(INFORMATION SHOWN)
= = = = = = =

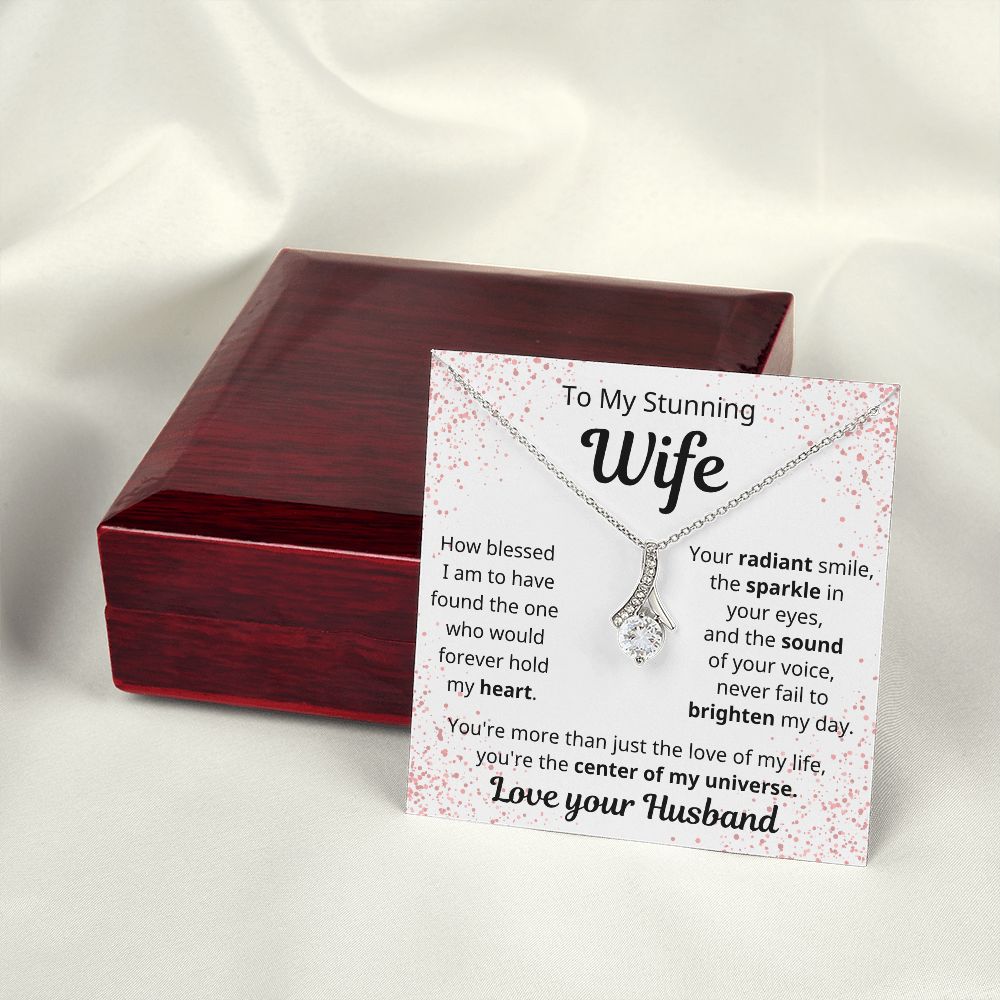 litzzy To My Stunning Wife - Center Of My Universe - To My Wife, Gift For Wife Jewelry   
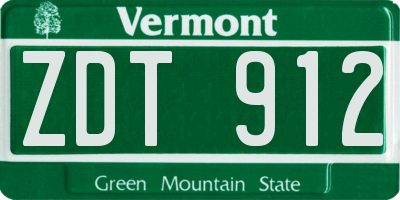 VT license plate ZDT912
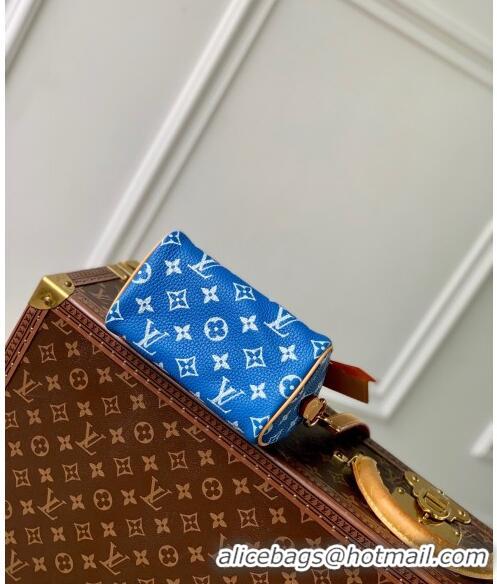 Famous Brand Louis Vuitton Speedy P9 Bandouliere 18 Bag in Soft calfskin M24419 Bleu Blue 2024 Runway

= = = = = = =

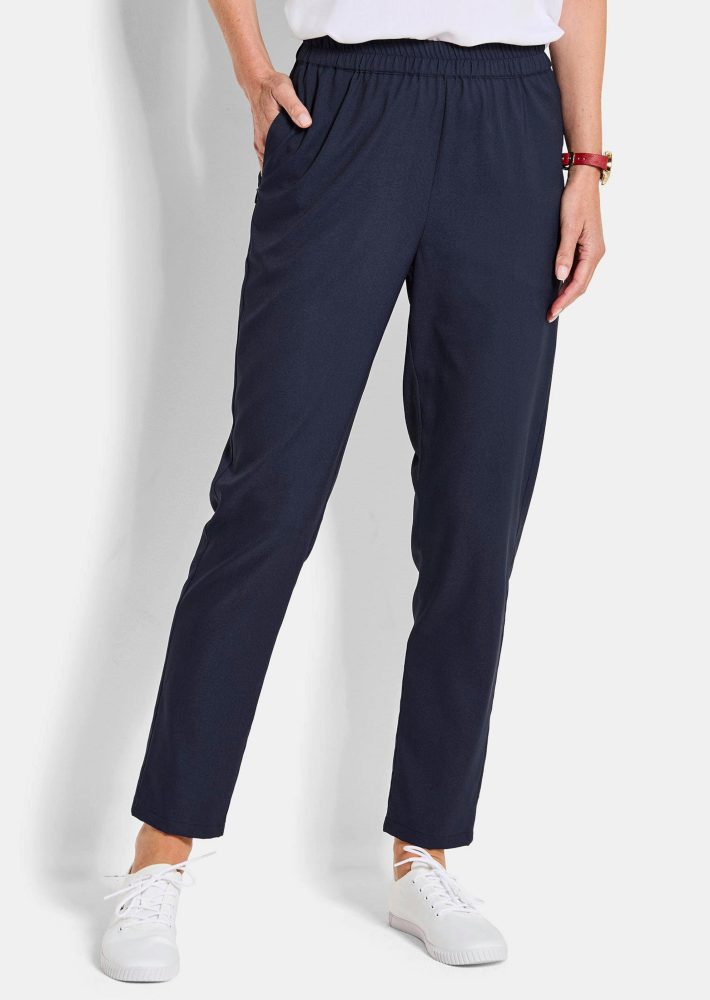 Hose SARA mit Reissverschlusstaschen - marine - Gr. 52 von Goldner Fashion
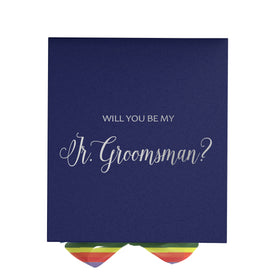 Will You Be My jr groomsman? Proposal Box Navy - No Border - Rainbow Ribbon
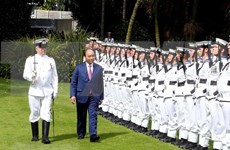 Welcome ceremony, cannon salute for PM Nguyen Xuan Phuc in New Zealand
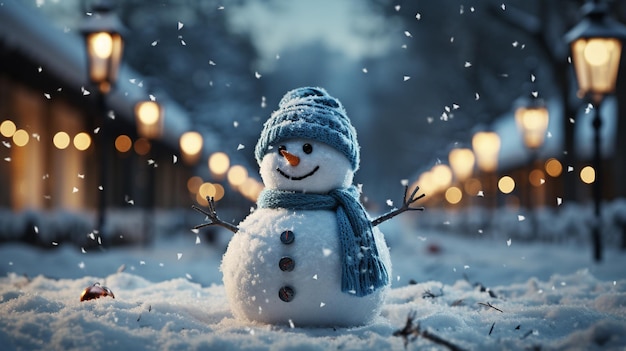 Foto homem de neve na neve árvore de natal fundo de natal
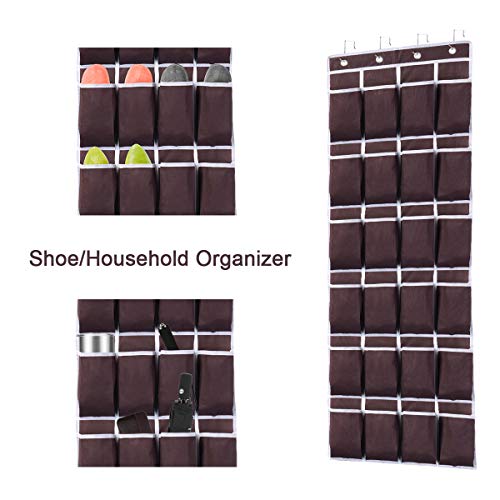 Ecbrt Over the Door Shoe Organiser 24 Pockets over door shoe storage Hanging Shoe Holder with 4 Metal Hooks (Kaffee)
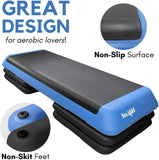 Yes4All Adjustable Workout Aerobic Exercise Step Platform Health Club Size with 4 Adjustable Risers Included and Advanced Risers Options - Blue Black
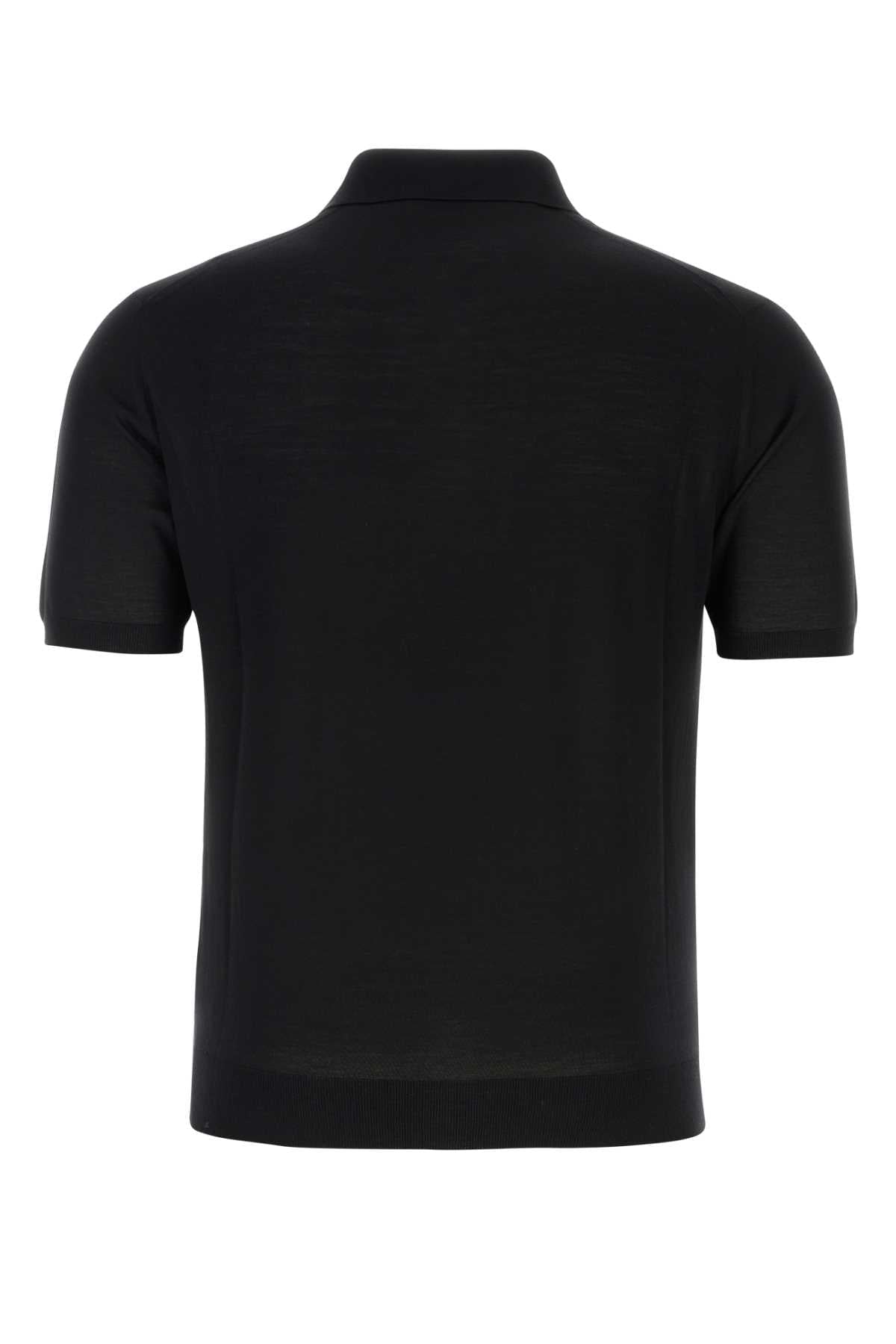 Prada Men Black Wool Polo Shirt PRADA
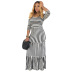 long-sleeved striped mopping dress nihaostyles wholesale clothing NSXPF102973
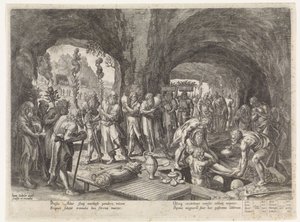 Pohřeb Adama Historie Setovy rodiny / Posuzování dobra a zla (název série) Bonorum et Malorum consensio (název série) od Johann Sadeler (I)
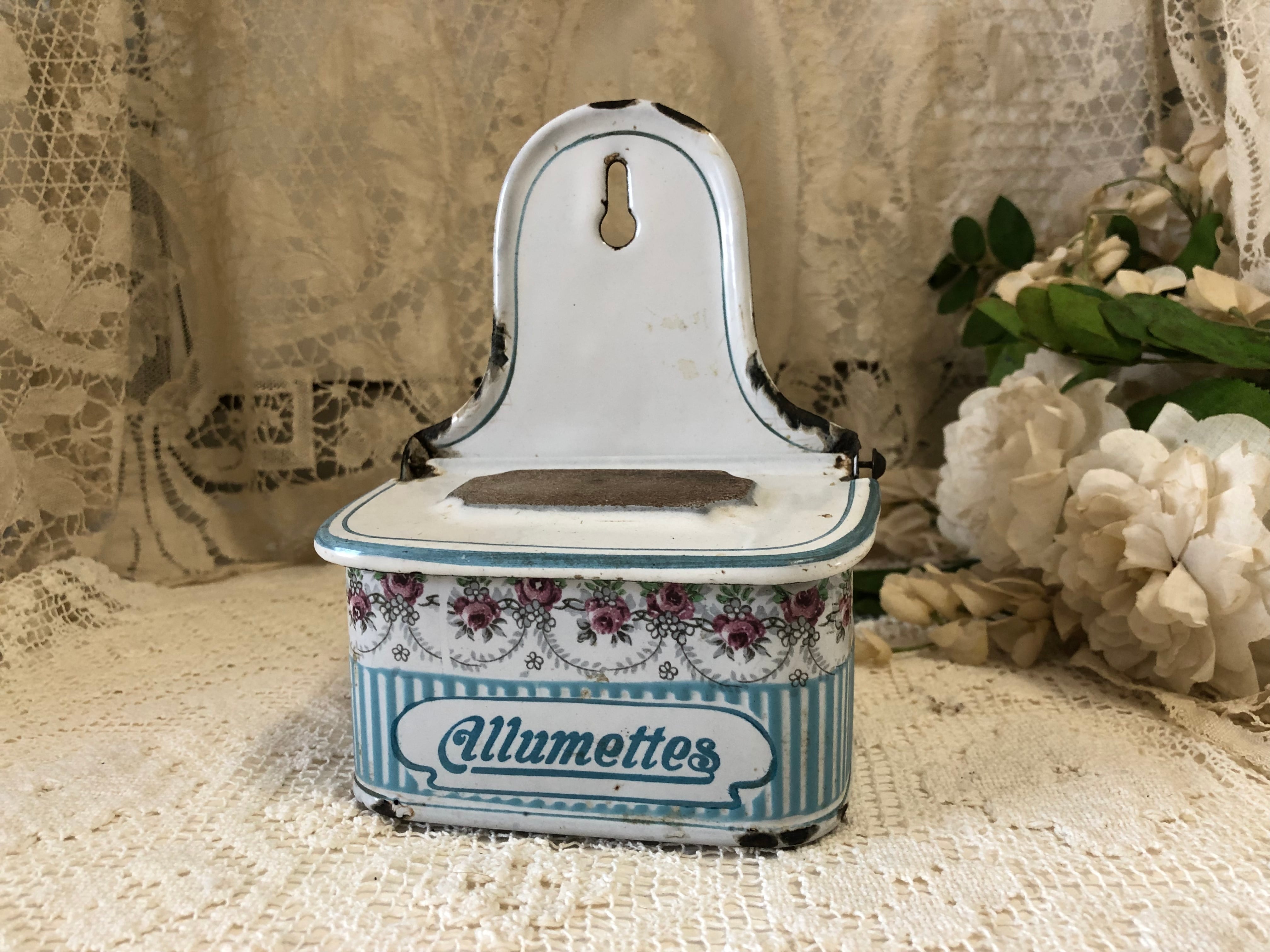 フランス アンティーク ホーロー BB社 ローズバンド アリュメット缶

= = = = = = =

(TASK DIRECTIONS)
Write out, word for word, the stretch of entries that begins at the line with "long-sleeved striped mopping" and ends at the line with "フランス アンティーク ホーロー BB社 ローズバンド アリュメット缶". Pictures do not belong in it.

(RESPONSE AREA)
 long-sleeved striped mopping dress nihaostyles wholesale clothing NSXPF102973
 Pohřeb Adama Historie Setovy rodiny / Posuzování dobra a zla (název série) Bonorum et Malorum consensio (název série) od Johann Sadeler (I)
 フランス アンティーク ホーロー BB社 ローズバンド アリュメット缶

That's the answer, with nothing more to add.